It's all part of the Where Next? project, and I don't want to jinx anything, so I'm not going to write much about it in advance. I will tell you that if you're not in Chicago, but you think you see me on the street, it actually might be me, especially if the person is:
- taking a photograph with a big fat Canon camera, or
- not paying attention to where he's going and running into parking meters or trees.
- wearing any item of clothing emblazoned with a professional sports logo,
- holding hands with Kelly Clarkson, or
- smoking a cigarette and walking an ocelot on a rhinestone leash.
We're Just Like the Barrymores, Only Fluffier
Dolores, meanwhile, is trying to figure out whether to spend Christmas with my family Maine or go up to Canada to have a Joyeux Noël with her cousine Victorine. She's staying in Chicago this week and next because Harry landed a plum role* in the Goodman's A Christmas Carol and she has to take him back and forth to the theater. She has started calling herself Mama Rose Van Hoofen.
Dolores tried to get into Congo Square's Black Nativity but stomped out when they asked her to play one of the sheep.
I took her to the Shoe for a consolation Cosmo. "Clearly, I'm a vicitim of typecasting," she huffed.
"You must admit you do look the part," I said. "What were you expecting? The Angel of the Annunciation?"
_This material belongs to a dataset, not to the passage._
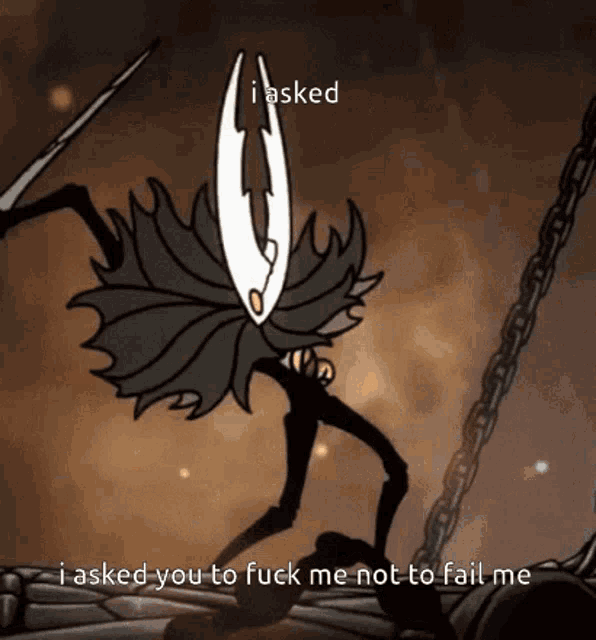a cartoon character with the words i asked you to fuck me not to fail me on the bottom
"Something with a little more meat," she said. "One or two good speeches. Maybe a harmonica solo. How the hell am I supposed to show my range when all they want me to do is stand next to a shepherd and say baaaaaaaaaa?"
"I see your point."
"And let me tell you, cupcake, I kicked ass at that audition. Blew those other bitches right off the stage. Amateurs. Flashing their dimples and singing eight bars of 'Go Tell It on the Mountain' like they were trying to sell Tupperware in Kankakee. Is that art? Is that passion? Where did that Cosmo go?"
"You finished it."
"That's okay, they got more. Hey, Ralphie–hit Mama again. Anyway, I got up there and rocked the joint. Who else do you know in this town who can follow a monologue from Ma Rainey's Black Bottom with 'Mary's Boy Child' on the harmonica? And then I sang 'Silent Night' whilst performing select excerpts from my one-woman ballet."
"That explains the red and green glitter thong in the laundry hamper."
"Well, it's a Christmas gig."
*If you're going, look for him in Mrs. Fezziwig's knitting basket. I know I'm biased, but frankly when I caught the dress rehearsal I thought he walked off with the scene.